> PROBLEM: Taking the entries below, transcribe only the lines starting with the one with "House model on" and going on through the one with "Elegant young man", exactly as written, without the pictures.

> DATA TO PROCESS:

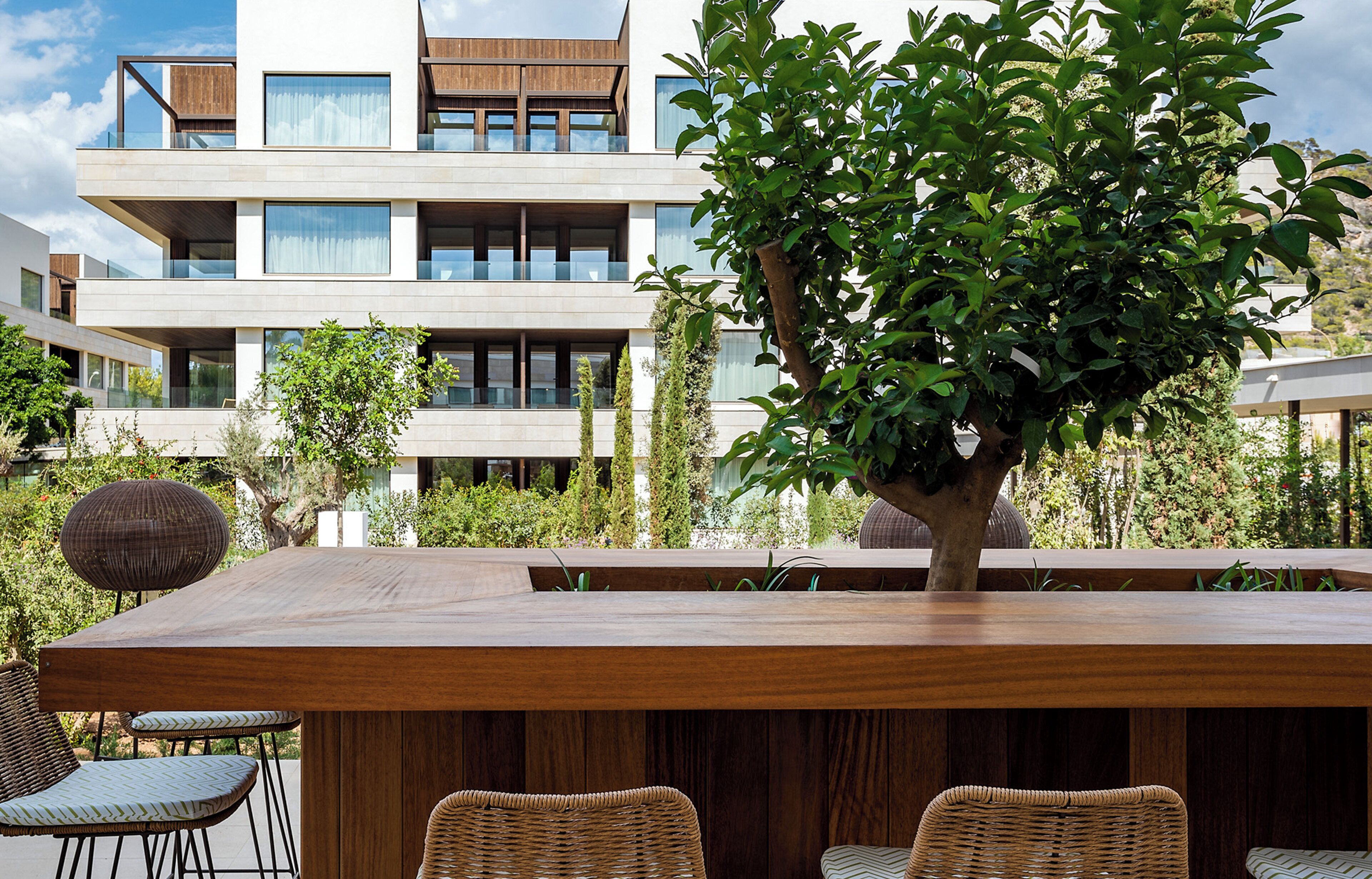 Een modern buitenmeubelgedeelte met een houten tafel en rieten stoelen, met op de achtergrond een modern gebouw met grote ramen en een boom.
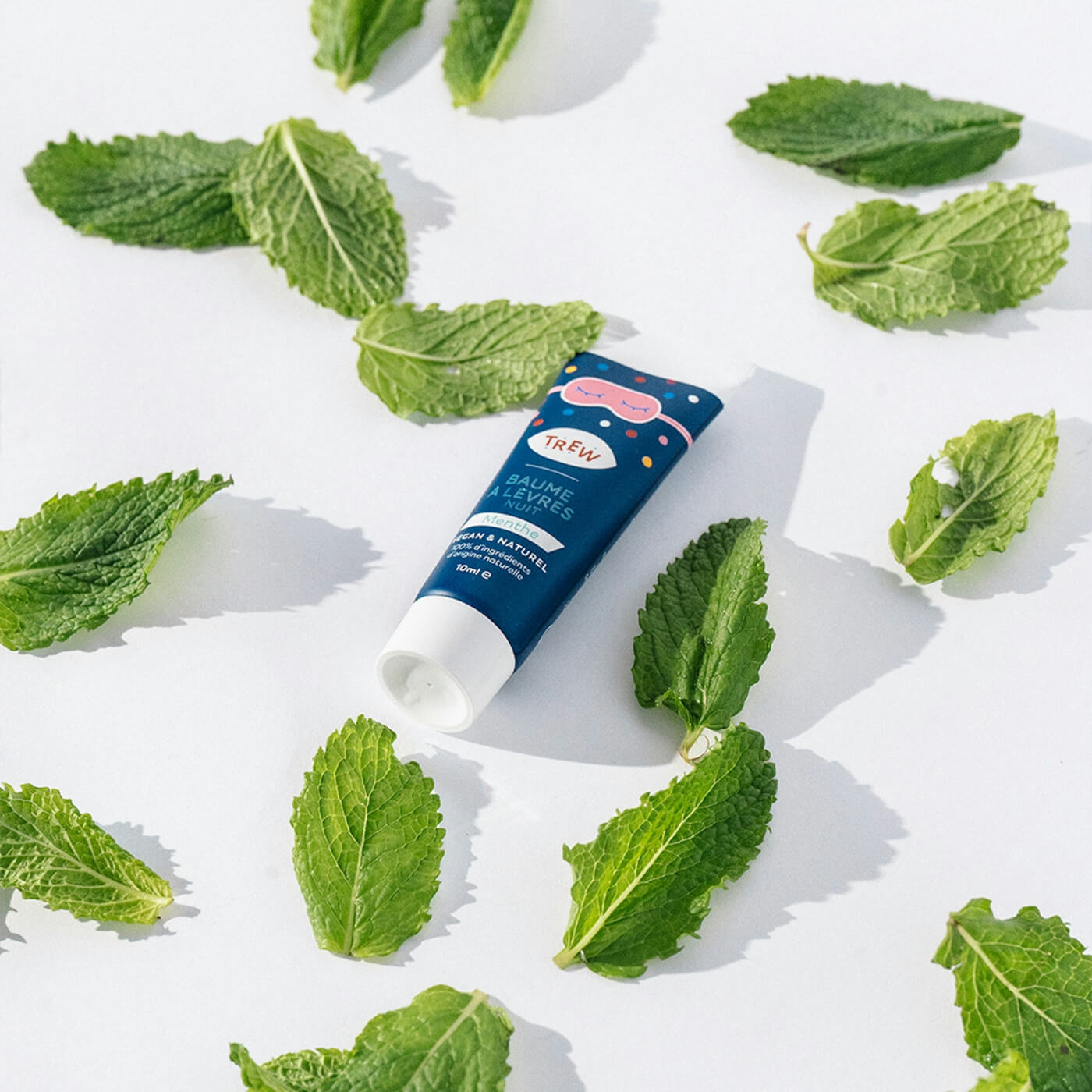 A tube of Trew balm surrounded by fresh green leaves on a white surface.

* * *

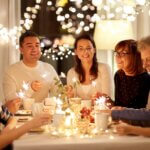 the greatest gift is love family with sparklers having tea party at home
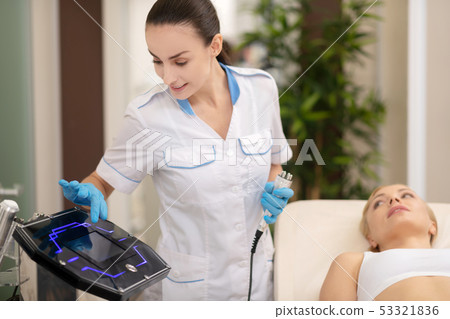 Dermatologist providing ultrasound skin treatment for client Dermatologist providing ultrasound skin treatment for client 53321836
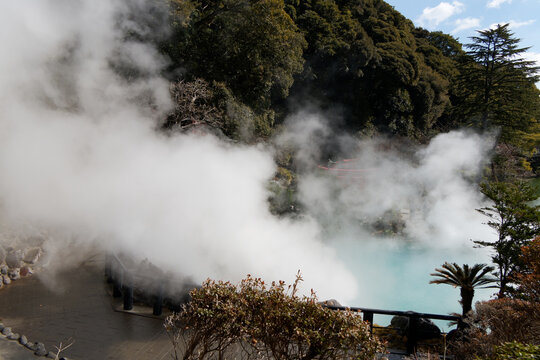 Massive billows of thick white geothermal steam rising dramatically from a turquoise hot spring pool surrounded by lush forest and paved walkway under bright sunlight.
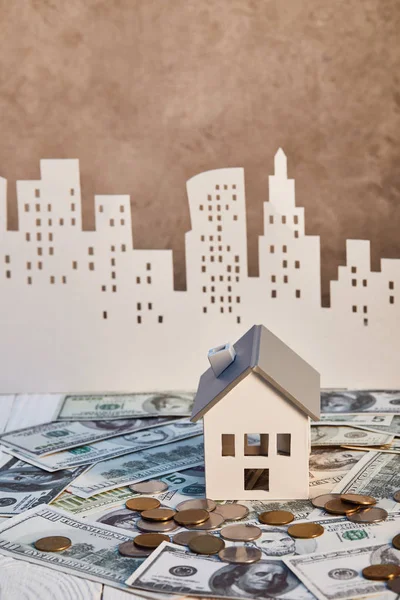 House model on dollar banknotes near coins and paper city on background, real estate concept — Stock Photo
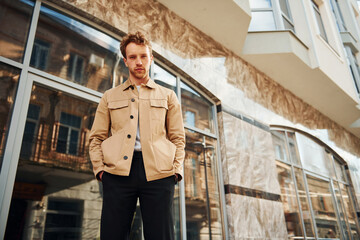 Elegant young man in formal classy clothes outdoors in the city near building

--

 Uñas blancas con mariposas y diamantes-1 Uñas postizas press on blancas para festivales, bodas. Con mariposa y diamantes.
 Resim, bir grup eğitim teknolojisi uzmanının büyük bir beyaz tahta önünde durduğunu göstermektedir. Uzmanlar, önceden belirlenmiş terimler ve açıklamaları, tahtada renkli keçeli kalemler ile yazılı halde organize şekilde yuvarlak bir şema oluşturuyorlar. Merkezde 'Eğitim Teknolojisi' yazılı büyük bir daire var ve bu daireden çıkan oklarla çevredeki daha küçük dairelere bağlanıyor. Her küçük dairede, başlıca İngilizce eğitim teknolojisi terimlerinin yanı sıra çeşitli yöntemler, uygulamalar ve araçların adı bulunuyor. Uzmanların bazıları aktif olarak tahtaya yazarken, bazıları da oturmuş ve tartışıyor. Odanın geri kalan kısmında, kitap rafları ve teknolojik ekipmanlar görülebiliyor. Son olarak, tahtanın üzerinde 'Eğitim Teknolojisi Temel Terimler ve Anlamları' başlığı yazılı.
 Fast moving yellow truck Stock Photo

> TASK RESPONSE:
 House model on dollar banknotes near coins and paper city on background, real estate concept — Stock Photo
 Elegant young man in formal classy clothes outdoors in the city near building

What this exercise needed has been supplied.